I have been using WandB for a while now and everything is working fine but since I switched from a GPU runtime to a TPU runtime (8 cores) (Using the Huggingface accelerator on Google Colab) its not working anymore.
The main process just never gets further than the code line with the WandB login while the other cores continue to work normally so i dont get any error message…
If i switch back to a GPU runtime afterwards, the same code runs without any problems.
It is possible to login before using the notebook_launcher, but then of course I get an error message about different pids
Im using the wandb version 0.12.10, torch-xla 1.9 and accelerate-0.5.1
Sorry you’re having issues with this. Could you tell me a little bit more about how you are running your code so I can try to replicate your issue? I’m connected to a TPU right now and running !wandb login in its own cell is working for me. How are you integrating Accelerate in your training process and where is your wandb login at?
Chris, thank you for the detailed response. Could you try using the CLI command !wandb login directly after you pip install wandb and then commenting wandb.login() out of your training script? The login will persist over any scripts ran on the Colab instance. It’s interesting that this worked on GPU but not the TPU. I’m working on replicating now as this may be a bug with the way wandb.login/notebook_launcher/colab TPU all interact.
I have tried your suggestion, but unfortunately without success.
I am also surprised that it runs with a GPU, but not with a TPU.
Possibly the reason for this could be the process ID (PID).
When I use a GPU, the PID does not change but i get 8 new PIDs, when i use a TPU.
One more difference between the GPU and TPU runtime is, that i dont execute the following line, when i use a GPU:
Hi Chris, I’m able to replicate the issue with some minimal code. Great suggestion about the PID’s.
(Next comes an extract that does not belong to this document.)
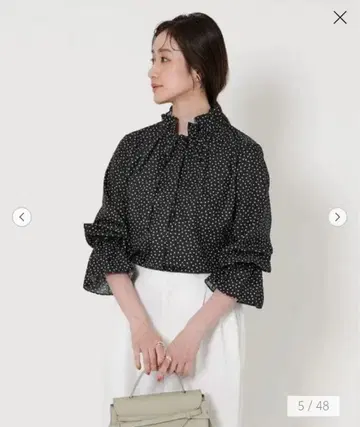 [ 새상품급 ] 유나이티드 애로우즈 프릴 칼라 플레어 슬리브 블라우스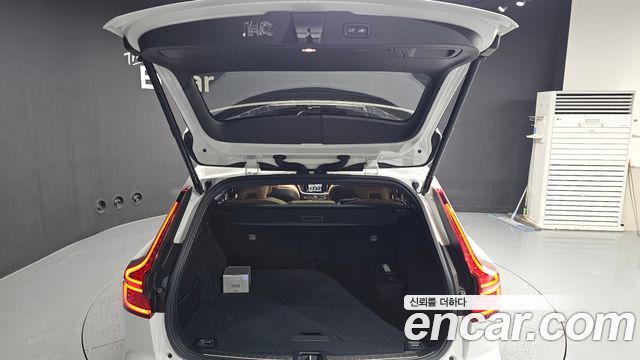 Volvo V60 Cross Country (II) B5 Ultra AWD 2025 — фото 20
I think it is related to how multiprocessing is working with notebook launcher. Taking notebook launcher out and running the training code works fine. Also if you set num_processes=1 in notebook_launcher it runs correctly. The documentation on notebook launcher is a little vague as to if this means it only trains on 1 core but it looks like this is the case so this isn’t really a helpful solution. I’ll escalate this as a bug to our engineering team to see if they have any more insight on this.
Hey Nate,
I am glad to hear that.
Do you know if your engineering team has already been able to fix the bug or can you at least estimate how long it will take to fix it?
Unfortunately I don’t have a timeline when this may be implemented. I can let you know when I see any movement on this and keep you up to date on progress being made on the issue though.